Dyskeratosis Congenita (DC) via the NHP2 Gene

Dyskeratosis congenita (DC) is characterized by multiple anomalies including abnormal skin pigmentation, nail dystrophy, mucosal leukoplakia, bone marrow failure and an increase in cancer predisposition (Walne et al. 2007. PubMed ID: 17507419; Kirwan et al. 2008. PubMed ID: 18005359). Individuals affected with DC can exhibit other features including liver cirrhosis, osteoporosis, pulmonary fibrosis and learning difficulties. Approximately 80-90% individuals affected with DC experience bone marrow failure by age 30 (Kirwan et al. 2008. PubMed ID: 18005359). Age of onset and progression of DC may vary. Those who have minimal physical findings with normal bone marrow function are at the mild end of the spectrum, while those at the severe end of the spectrum have these features along with bone marrow failure (Savage et al. 2016. PubMed ID: 20301779).

Dyskeratosis congenita (DC) is caused primarily by defects in telomere maintenance (Walne et al. 2007. PubMed ID: 17507419; Trahan et al. 2010. PubMed ID: 20008900). DC is characterized by three genetic subtypes: X-linked recessive, caused by variants in the DKC1 gene, autosomal dominant DC caused by heterozygous variants in TERC, TINF2 or TERT genes, and autosomal recessive DC which involves several genes including ACD, CTC1, DKC1, NHP2, NOP10, PARN, RTEL1, WRAP53 and TERT (Savage et al. 2016. PubMed ID: 20301779). NHP2-related DC is inherited in an autosomal recessive manner, and variants in the NHP2 gene account for <1% of pathogenic variants reported in DC patients.

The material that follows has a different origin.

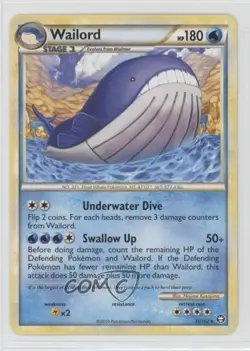 Wailord Pokemon HeartGold & SoulSilver Triumphant #31 2010 - Image 1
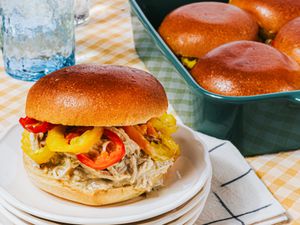 Side view of Ohio Shredded Chicken Sandwich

The NHP2 gene encodes nucleolar protein family A, member 2 (NOLA2), which is required for ribosomal biogenesis and telomere maintenance. To date, three pathogenic variants have been reported in the NHP2 gene (c.376G>A, p.V126M, c.415T>C, p.Y139H and c.460T>A, p.*154Argext*51) (Human Gene Mutation Database; Vulliamy et al. 2008. PubMed ID: 18523010; Trahan et al. 2010. PubMed ID: 20008900).

Approximately 70% of individuals with dyskeratosis congenita (DC) have pathogenic variants in at least 1 of the 11 known DC genes. Pathogenic variants in the NHP2 gene account for <1% of DC cases.

This test provides full coverage of all coding exons of the NHP2 gene plus 10 bases of flanking noncoding DNA in all available transcripts along with other non-coding regions in which pathogenic variants have been identified at PreventionGenetics or reported elsewhere. We define full coverage as >20X NGS reads or Sanger sequencing. PGnome panels typically provide slightly increased coverage over the PGxome equivalent. PGnome sequencing panels have the added benefit of additional analysis and reporting of deep intronic regions (where applicable).

Dependent on the sequencing backbone selected for this testing, discounted reflex testing to any other similar backbone-based test is available (i.e., PGxome panel to whole PGxome; PGnome panel to whole PGnome).